Nos últimos anos, o avanço tecnológico e a crescente dependência de sistemas interconectados elevaram a complexidade das operações digitais em setores estratégicos, especialmente no setor financeiro. Uma consequência preocupante dessa evolução tem sido a intensificação dos ataques à cadeia de suprimentos de tecnologia da informação (TI), modalidade que visa explorar vulnerabilidades em fornecedores e parceiros críticos, com o objetivo de comprometer múltiplas organizações simultaneamente.

Em agosto de 2025, um dos episódios mais significativos envolvendo esse tipo de ameaça ocorreu no Brasil, quando a Sinqia, uma das maiores provedoras de serviços tecnológicos para instituições financeiras, foi alvo de um ataque que resultou no desvio de aproximadamente R$ 400 milhões via sistema Pix. Este incidente, que afetou bancos como o HSBC, trouxe à tona a fragilidade e a complexidade das cadeias de suprimentos de TI na segurança financeira e mostrou a urgência de práticas robustas para sua proteção.

Este artigo aborda esse ataque, explorando o conceito e os impactos dos ataques à cadeia de suprimentos, descrevendo a metodologia utilizada pelos invasores, analisando as lições aprendidas e, por fim, propondo políticas e práticas recomendadas que instituições e fornecedores podem adotar para fortalecer suas defesas nesse cenário de ameaças crescentes.

O que são ataques à cadeia de suprimentos?

Ataques à cadeia de suprimentos referem-se a ações maliciosas em que hackers comprometem um fornecedor, parceiro ou componente crítico utilizado por diversas organizações, uma vez que o comprometimento desse ponto pode afetar uma ampla rede de instituições e usuários finais. Diferente dos ataques tradicionais que visam diretamente um alvo, essa abordagem explora a interdependência entre empresas e seus fornecedores, transformando a cadeia em um vetor lucrativo para os invasores devido ao seu efeito multiplicador.

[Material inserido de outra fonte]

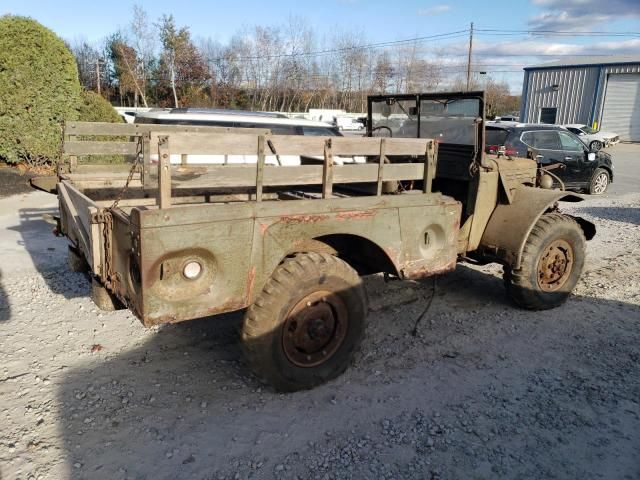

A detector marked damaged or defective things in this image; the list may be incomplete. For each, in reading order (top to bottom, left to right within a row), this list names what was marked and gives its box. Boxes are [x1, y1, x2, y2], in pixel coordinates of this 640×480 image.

Com a digitalização acelerada, muitos sistemas empresariais passaram a depender de softwares, serviços em nuvem, plataformas de integração e provedores de soluções que funcionam como pilares para a operação de múltiplas organizações. Isso cria uma superfície de ataque alargada, onde comprometer um único fornecedor pode expor diversas vítimas simultaneamente. Assim, ataques à cadeia de suprimentos amplificam o impacto e dificultam a detecção e a contenção.

Exemplos notórios incluem o ataque global ao software SolarWinds, que comprometeu milhares de organizações, e os incidentes nacionais ocorridos em 2025 ligados a provedores financeiros como C&M Software e, mais recentemente, a Sinqia.

A motivação dos invasores se sustenta na eficiência do método, ganhos financeiros elevados e na dificuldade das vítimas isoladas identificarem os ataques precocemente, devido à complexidade do ecossistema digital moderno.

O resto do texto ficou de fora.